#### WHAT YOU ARE ASKED TO DO:
An exact copy is all that is wanted: the lines from the one with "Plantain Tallow Balm" through the end of the listing below, both included, minus any pictures.

#### EXTRACTED MATERIAL:
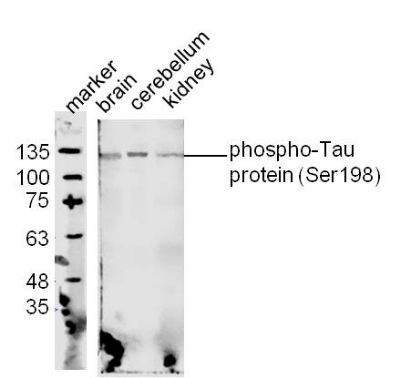 phospho-Tau protein (Ser198)磷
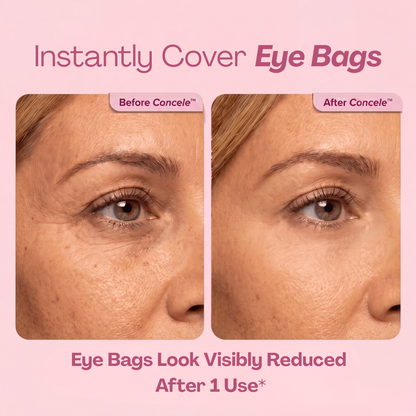 Instant Eye Firmer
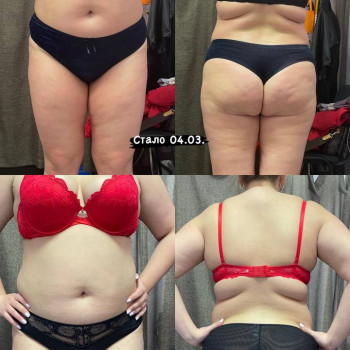 Іспанська професійна косметика 
Гипоалергенна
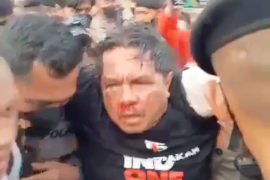 Ade Armando  babak belur dianiaya massa saat demo depan gedung DPR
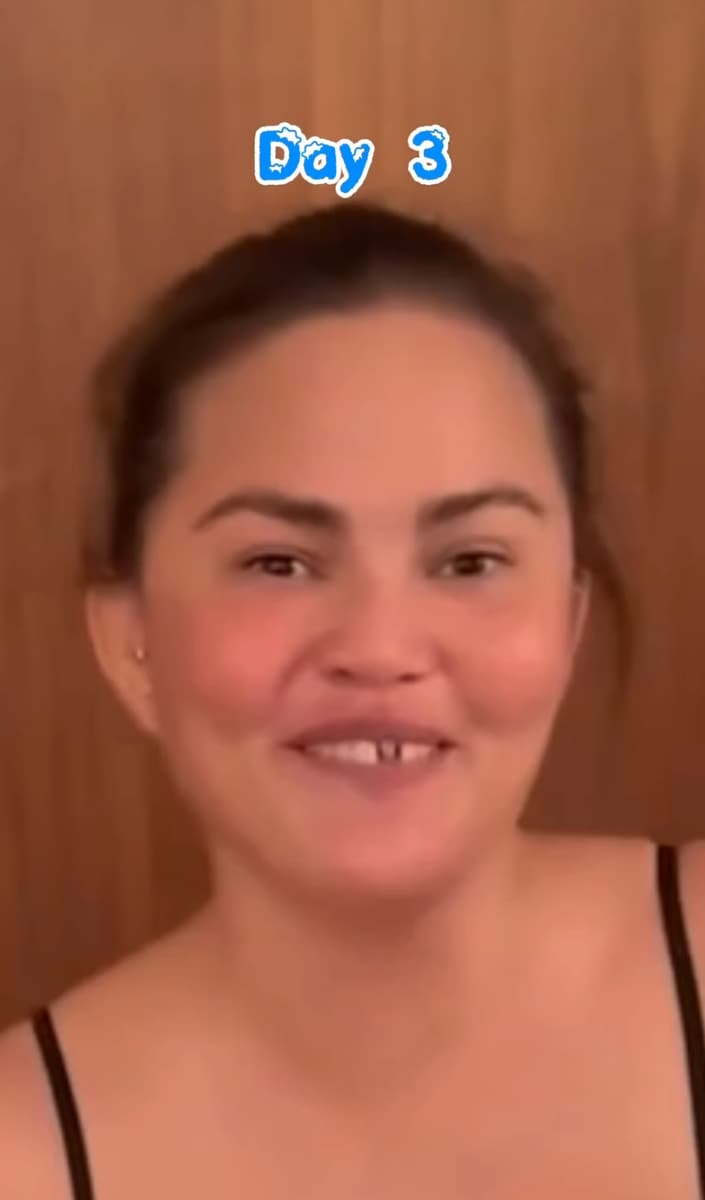 Chrissy is always down to share embarrassing moments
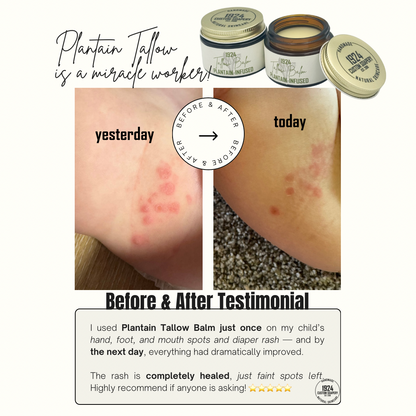 Plantain Tallow Balm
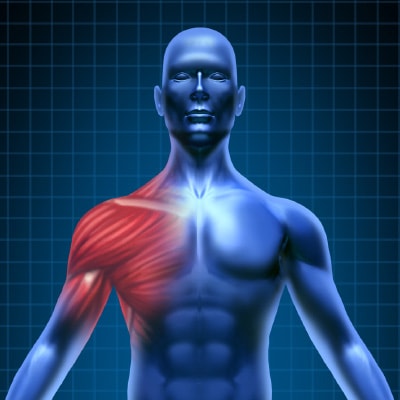 Muscle-Pain-Treatments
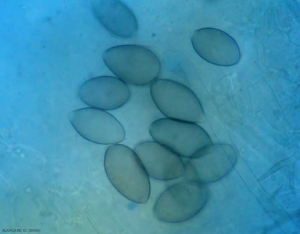 Plusieurs sporanges plus ou moins mélanisés sont visibles sur ce limbe observé au microscope photonique. <i><b>Pseudoperonospora cubensis</b></i>  (mildiou)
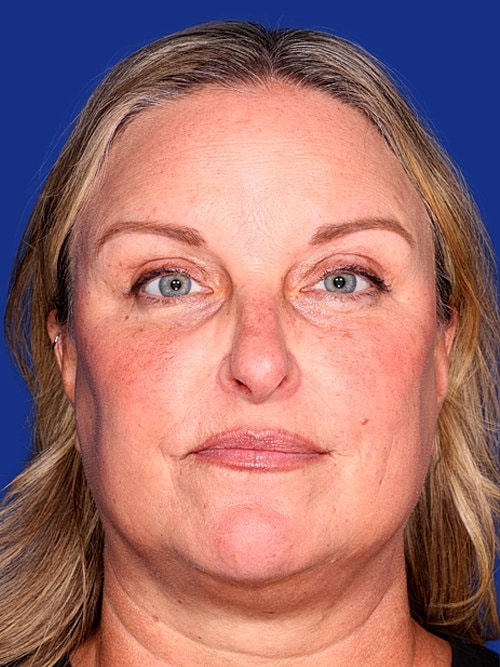 Brow Lift Before & After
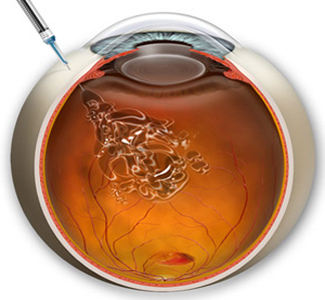 БОСЛАБ Зрение - аппарат для лечения глаз - описание, показания к применению и отзывы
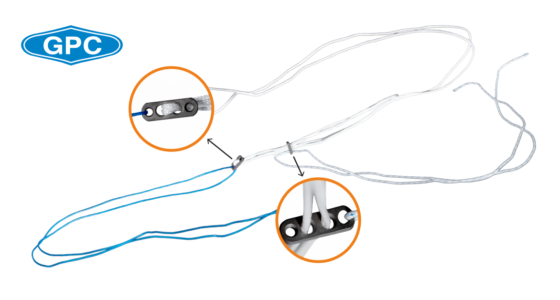 Suspensory Fixation in Anterior Cruciate Ligament Reconstruction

#### RESULT FOR THIS TASK:
 Plantain Tallow Balm
 Muscle-Pain-Treatments
 Plusieurs sporanges plus ou moins mélanisés sont visibles sur ce limbe observé au microscope photonique. <i><b>Pseudoperonospora cubensis</b></i>  (mildiou)
 Brow Lift Before & After
 БОСЛАБ Зрение - аппарат для лечения глаз - описание, показания к применению и отзывы
 Suspensory Fixation in Anterior Cruciate Ligament Reconstruction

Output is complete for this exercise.